→ The task: What you return should match the data below exactly, with no pictures in it.

((

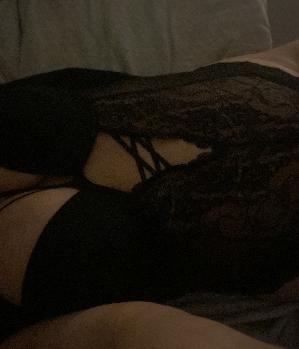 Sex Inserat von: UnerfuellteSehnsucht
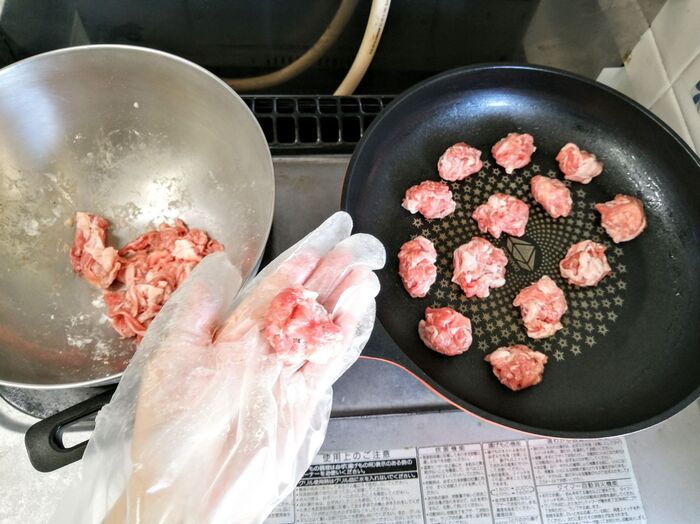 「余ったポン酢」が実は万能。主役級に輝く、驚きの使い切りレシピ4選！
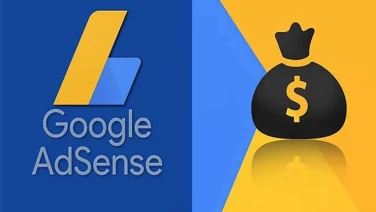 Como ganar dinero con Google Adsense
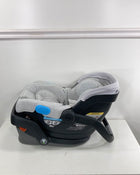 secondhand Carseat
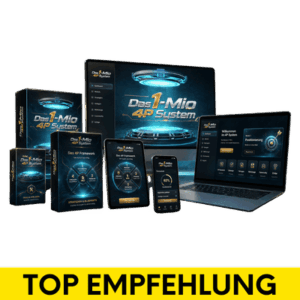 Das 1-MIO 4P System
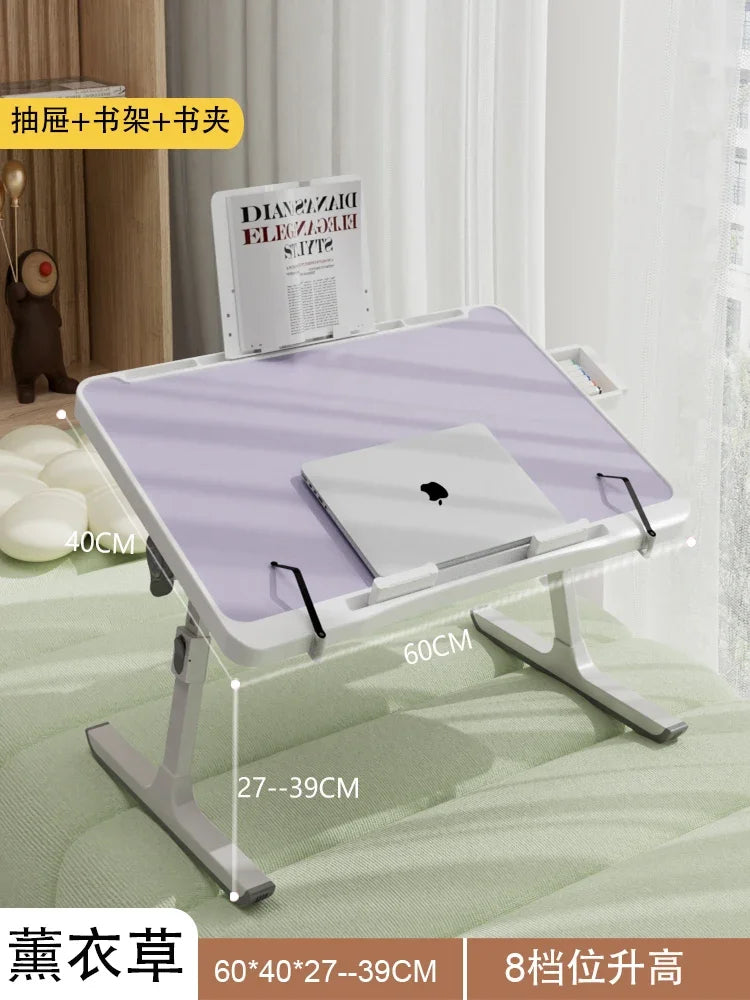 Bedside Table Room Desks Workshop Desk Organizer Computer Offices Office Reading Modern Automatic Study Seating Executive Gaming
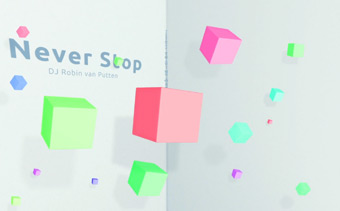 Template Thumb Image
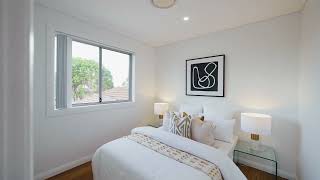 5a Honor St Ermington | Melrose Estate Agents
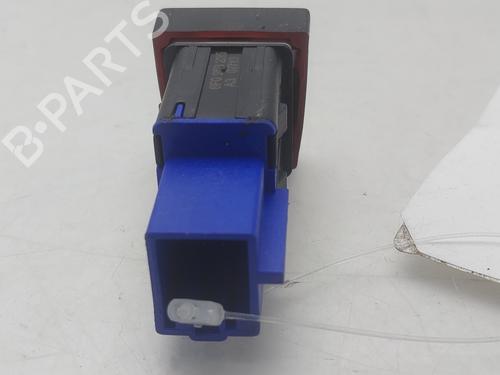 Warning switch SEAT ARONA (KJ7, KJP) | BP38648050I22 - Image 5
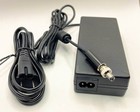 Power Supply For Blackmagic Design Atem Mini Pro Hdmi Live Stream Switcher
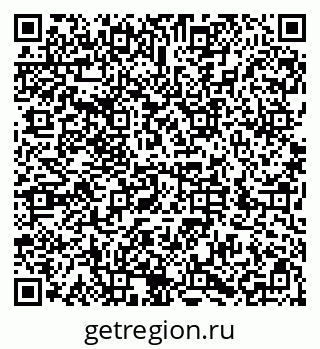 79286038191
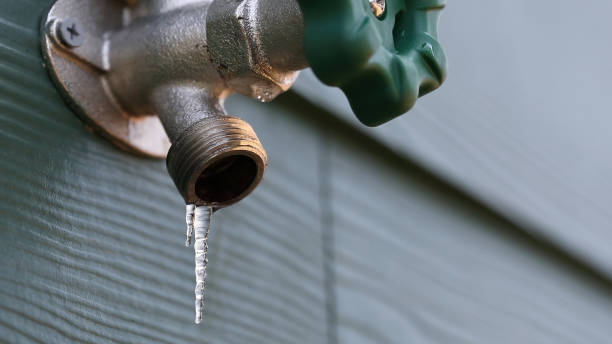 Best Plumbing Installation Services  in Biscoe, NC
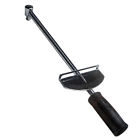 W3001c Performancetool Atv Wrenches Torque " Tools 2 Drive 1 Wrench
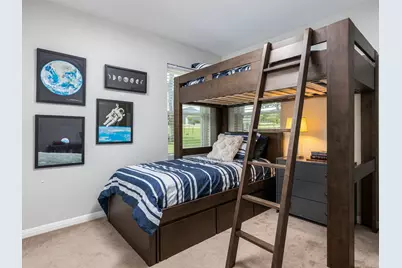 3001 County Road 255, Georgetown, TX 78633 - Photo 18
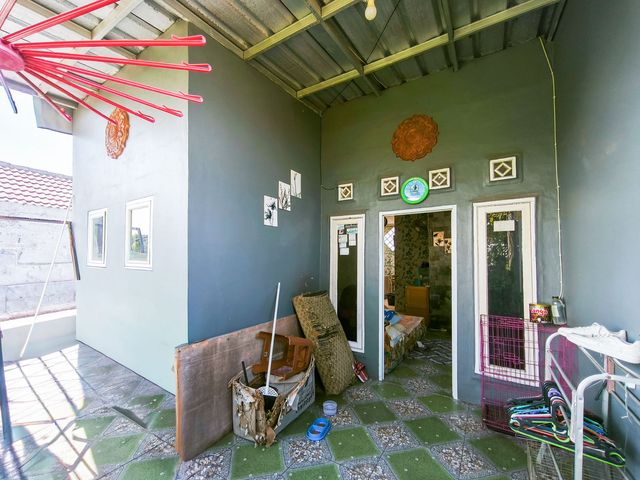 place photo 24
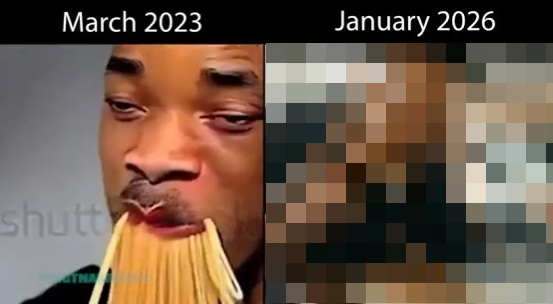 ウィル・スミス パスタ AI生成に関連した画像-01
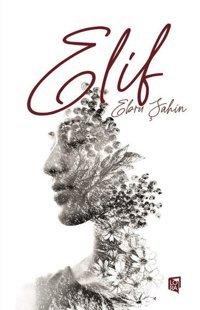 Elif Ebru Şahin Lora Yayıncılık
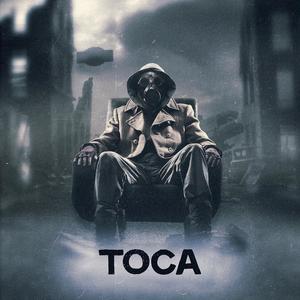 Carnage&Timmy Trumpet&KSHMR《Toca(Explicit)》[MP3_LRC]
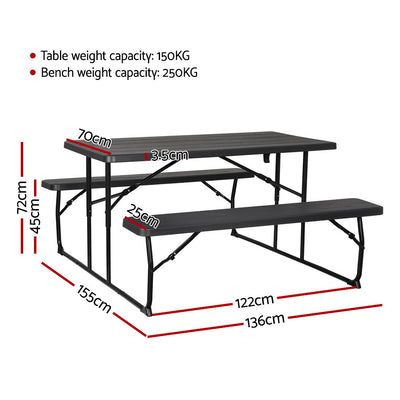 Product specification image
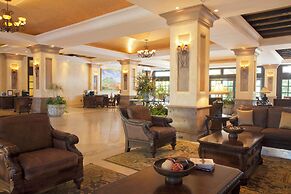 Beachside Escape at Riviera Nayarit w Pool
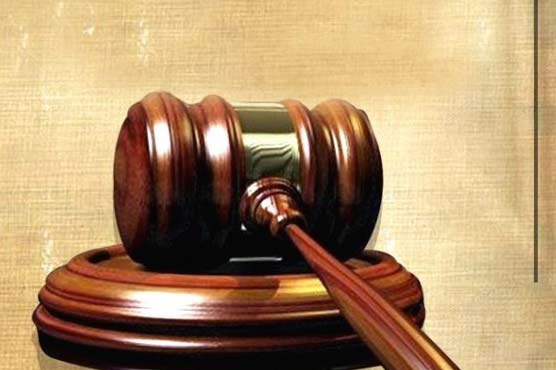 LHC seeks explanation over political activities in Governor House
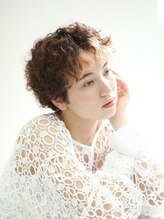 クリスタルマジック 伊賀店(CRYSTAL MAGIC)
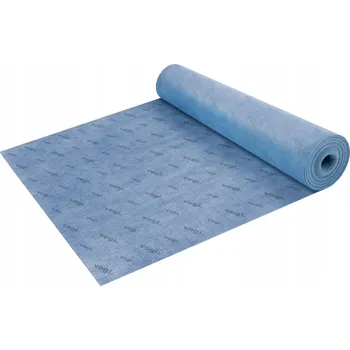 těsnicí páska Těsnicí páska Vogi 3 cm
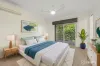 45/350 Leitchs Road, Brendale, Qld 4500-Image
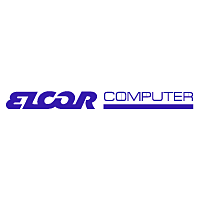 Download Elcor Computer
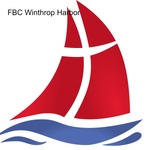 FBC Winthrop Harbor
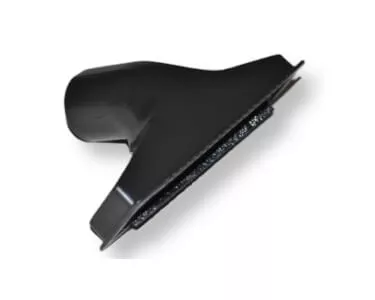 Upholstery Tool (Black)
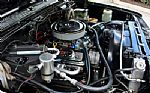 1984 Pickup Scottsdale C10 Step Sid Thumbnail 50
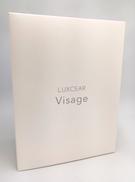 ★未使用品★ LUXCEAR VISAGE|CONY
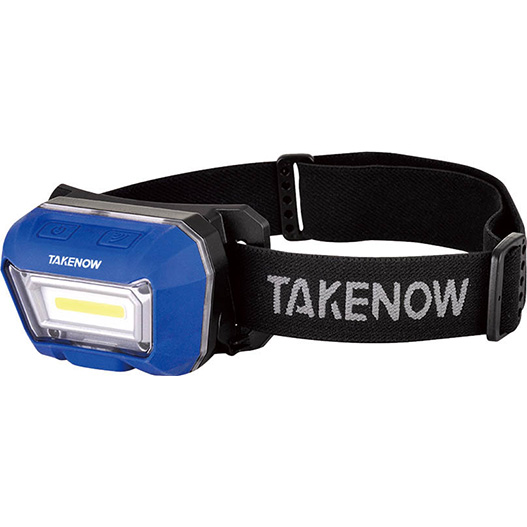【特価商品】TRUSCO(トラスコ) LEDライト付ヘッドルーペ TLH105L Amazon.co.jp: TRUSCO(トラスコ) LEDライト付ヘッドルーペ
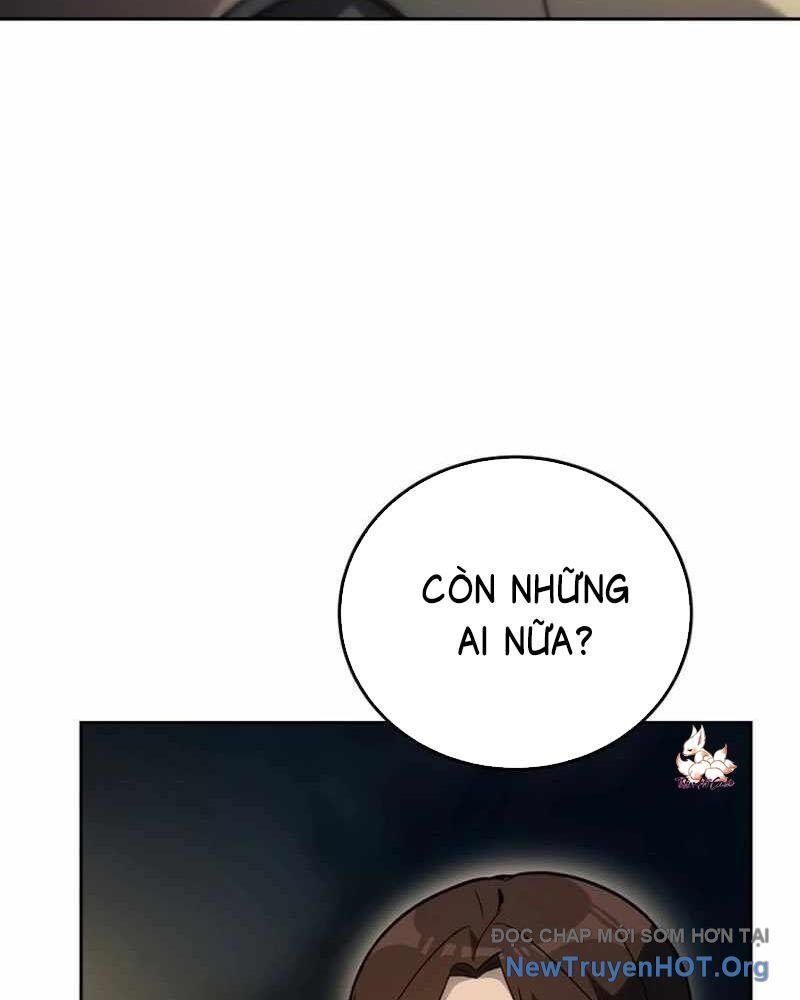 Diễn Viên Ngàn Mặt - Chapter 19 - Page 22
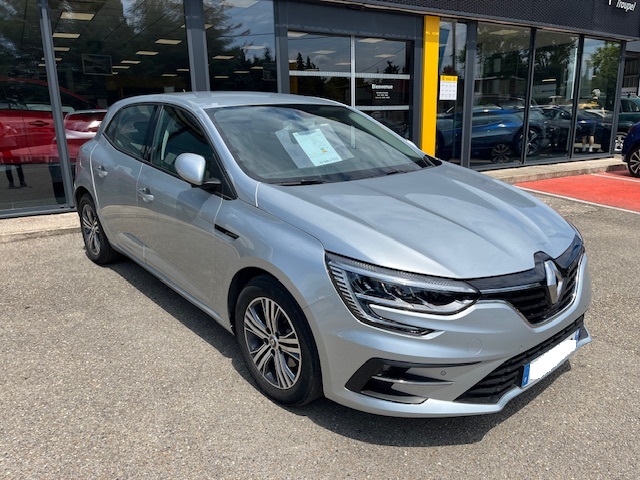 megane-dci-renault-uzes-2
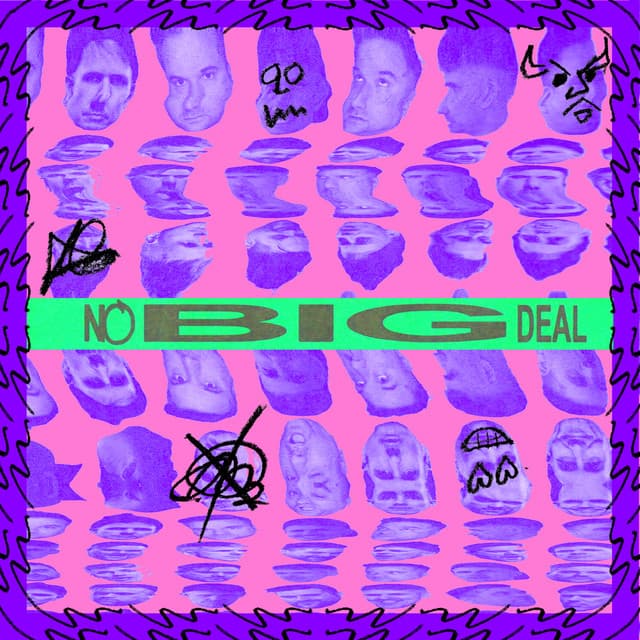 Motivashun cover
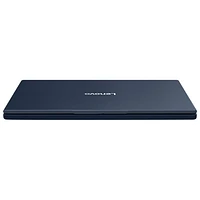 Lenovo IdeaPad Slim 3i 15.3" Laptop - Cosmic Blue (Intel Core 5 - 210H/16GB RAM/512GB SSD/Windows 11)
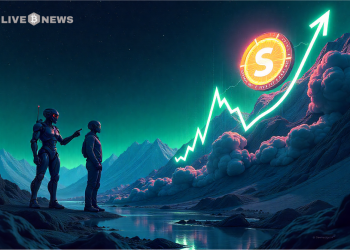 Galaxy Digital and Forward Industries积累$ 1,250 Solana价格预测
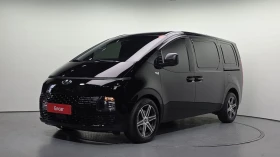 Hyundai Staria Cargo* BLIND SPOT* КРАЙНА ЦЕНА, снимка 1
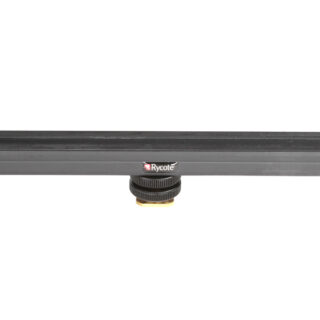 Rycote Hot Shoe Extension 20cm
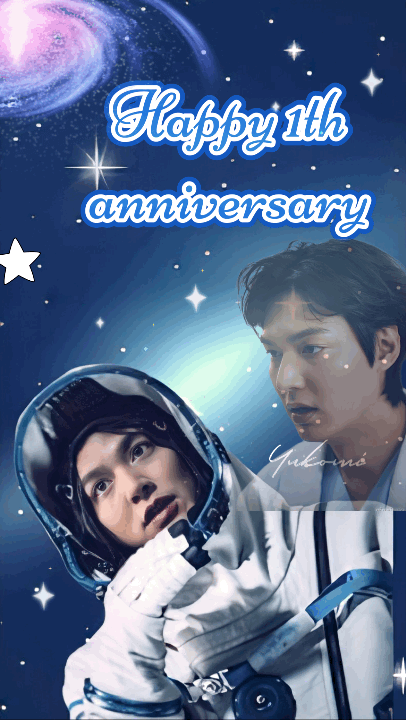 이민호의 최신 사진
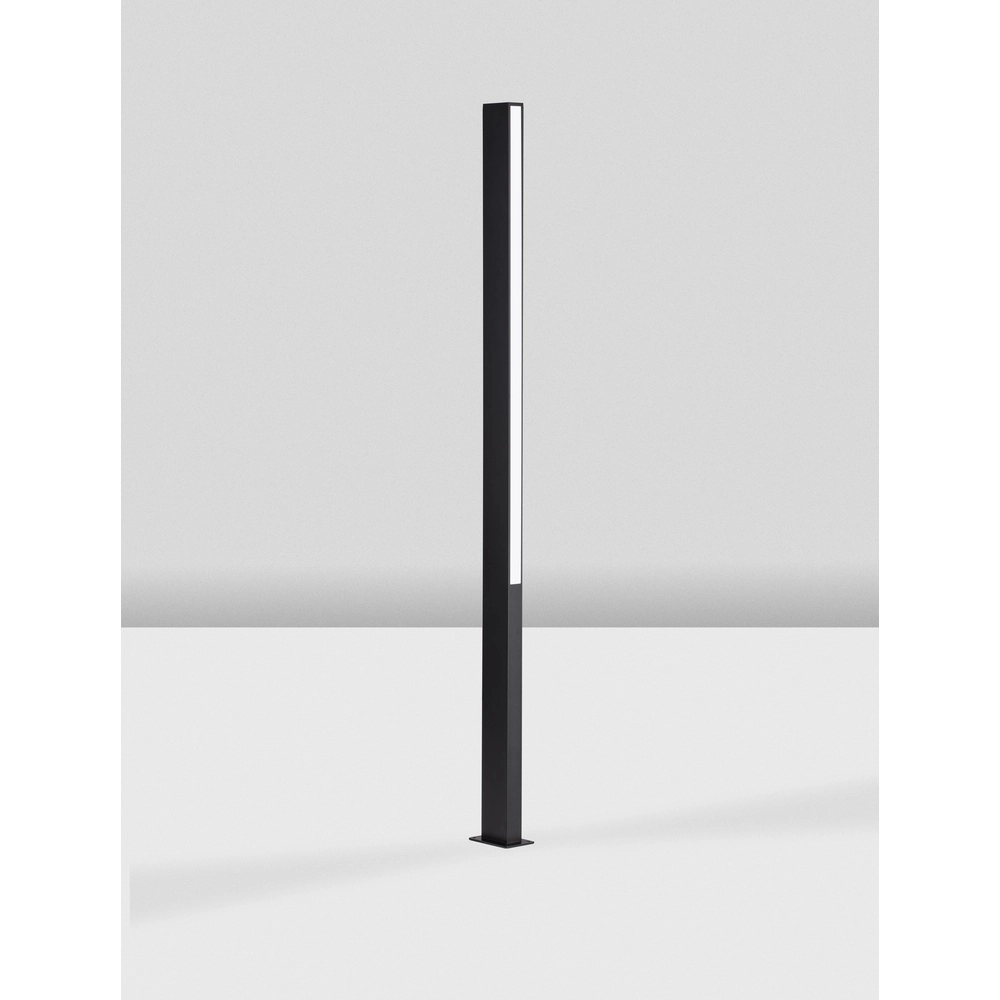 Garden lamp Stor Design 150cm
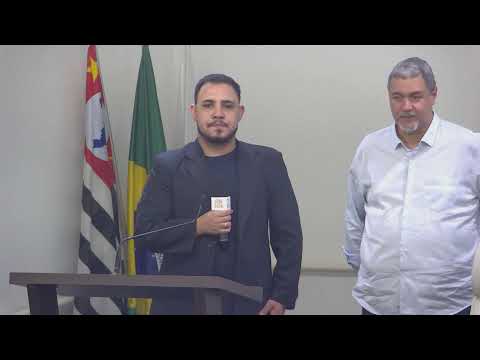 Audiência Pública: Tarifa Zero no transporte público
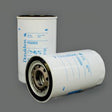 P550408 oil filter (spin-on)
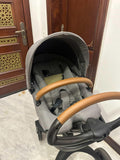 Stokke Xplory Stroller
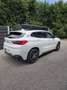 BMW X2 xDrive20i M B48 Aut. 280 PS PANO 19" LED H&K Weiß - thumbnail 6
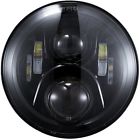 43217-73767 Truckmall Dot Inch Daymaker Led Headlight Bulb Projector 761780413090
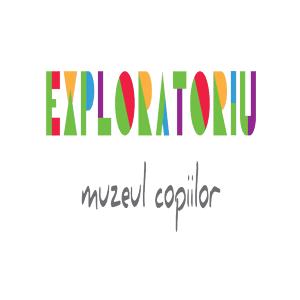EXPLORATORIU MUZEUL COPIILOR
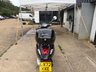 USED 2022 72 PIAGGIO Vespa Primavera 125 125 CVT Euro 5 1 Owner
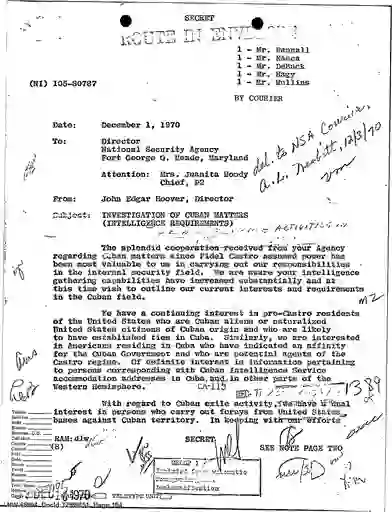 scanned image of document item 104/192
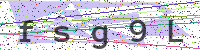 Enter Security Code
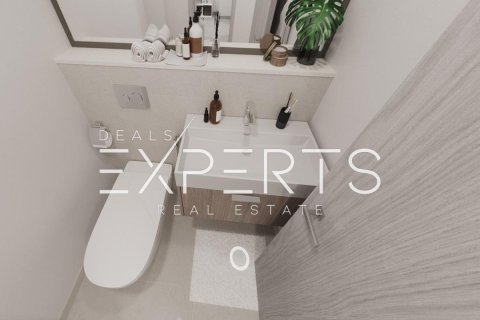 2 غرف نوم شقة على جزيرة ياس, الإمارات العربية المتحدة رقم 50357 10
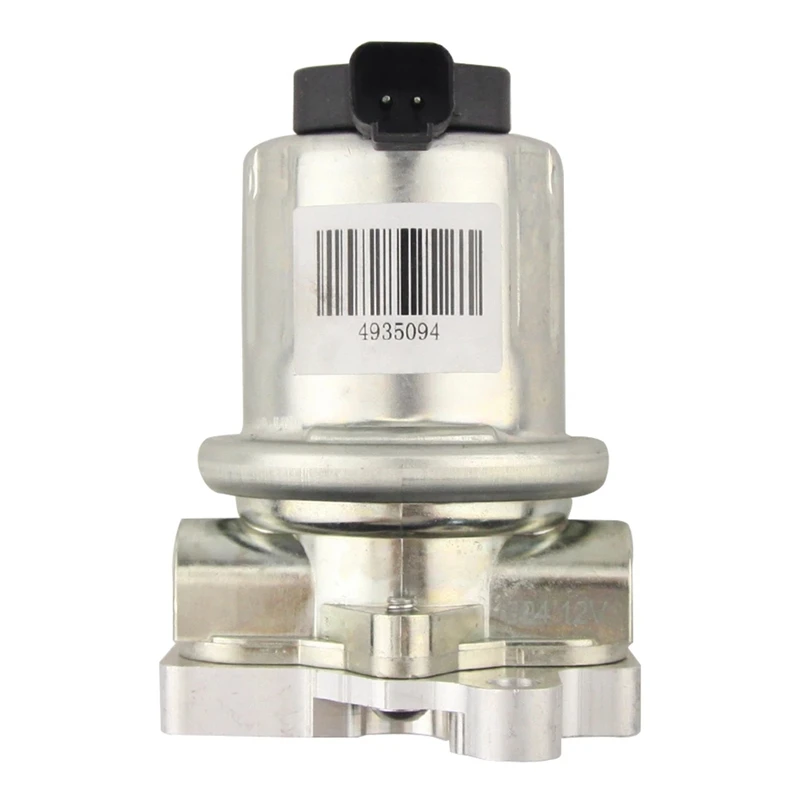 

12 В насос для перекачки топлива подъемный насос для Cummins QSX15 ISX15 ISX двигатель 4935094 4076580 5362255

))

→ Response below:
 Sex Inserat von: UnerfuellteSehnsucht
 「余ったポン酢」が実は万能。主役級に輝く、驚きの使い切りレシピ4選！
 Como ganar dinero con Google Adsense
 secondhand Carseat
 Das 1-MIO 4P System
 Bedside Table Room Desks Workshop Desk Organizer Computer Offices Office Reading Modern Automatic Study Seating Executive Gaming
 Template Thumb Image
 5a Honor St Ermington | Melrose Estate Agents
 Warning switch SEAT ARONA (KJ7, KJP) | BP38648050I22 - Image 5
 Power Supply For Blackmagic Design Atem Mini Pro Hdmi Live Stream Switcher
 79286038191
 Best Plumbing Installation Services  in Biscoe, NC
 W3001c Performancetool Atv Wrenches Torque " Tools 2 Drive 1 Wrench
 3001 County Road 255, Georgetown, TX 78633 - Photo 18
 place photo 24
 ウィル・スミス パスタ AI生成に関連した画像-01
 Elif Ebru Şahin Lora Yayıncılık
 Carnage&Timmy Trumpet&KSHMR《Toca(Explicit)》[MP3_LRC]
 Product specification image
 Beachside Escape at Riviera Nayarit w Pool
 LHC seeks explanation over political activities in Governor House
 クリスタルマジック 伊賀店(CRYSTAL MAGIC)
 těsnicí páska Těsnicí páska Vogi 3 cm
 45/350 Leitchs Road, Brendale, Qld 4500-Image
 Download Elcor Computer
 FBC Winthrop Harbor
 Upholstery Tool (Black)
 1984 Pickup Scottsdale C10 Step Sid Thumbnail 50
 ★未使用品★ LUXCEAR VISAGE|CONY
【特価商品】TRUSCO(トラスコ) LEDライト付ヘッドルーペ TLH105L Amazon.co.jp: TRUSCO(トラスコ) LEDライト付ヘッドルーペ
 Diễn Viên Ngàn Mặt - Chapter 19 - Page 22
 megane-dci-renault-uzes-2
 Motivashun cover
 Lenovo IdeaPad Slim 3i 15.3" Laptop - Cosmic Blue (Intel Core 5 - 210H/16GB RAM/512GB SSD/Windows 11)
 Galaxy Digital and Forward Industries积累$ 1,250 Solana价格预测
 Hyundai Staria Cargo* BLIND SPOT* КРАЙНА ЦЕНА, снимка 1
 Rycote Hot Shoe Extension 20cm
 이민호의 최신 사진
 Garden lamp Stor Design 150cm
 Audiência Pública: Tarifa Zero no transporte público
 P550408 oil filter (spin-on)
 Stokke Xplory Stroller
 BMW X2 xDrive20i M B48 Aut. 280 PS PANO 19" LED H&K Weiß - thumbnail 6
 43217-73767 Truckmall Dot Inch Daymaker Led Headlight Bulb Projector 761780413090
EXPLORATORIU MUZEUL COPIILOR
 USED 2022 72 PIAGGIO Vespa Primavera 125 125 CVT Euro 5 1 Owner
 scanned image of document item 104/192
 Enter Security Code
 2 غرف نوم شقة على جزيرة ياس, الإمارات العربية المتحدة رقم 50357 10

12 В насос для перекачки топлива подъемный насос для Cummins QSX15 ISX15 ISX двигатель 4935094 4076580 5362255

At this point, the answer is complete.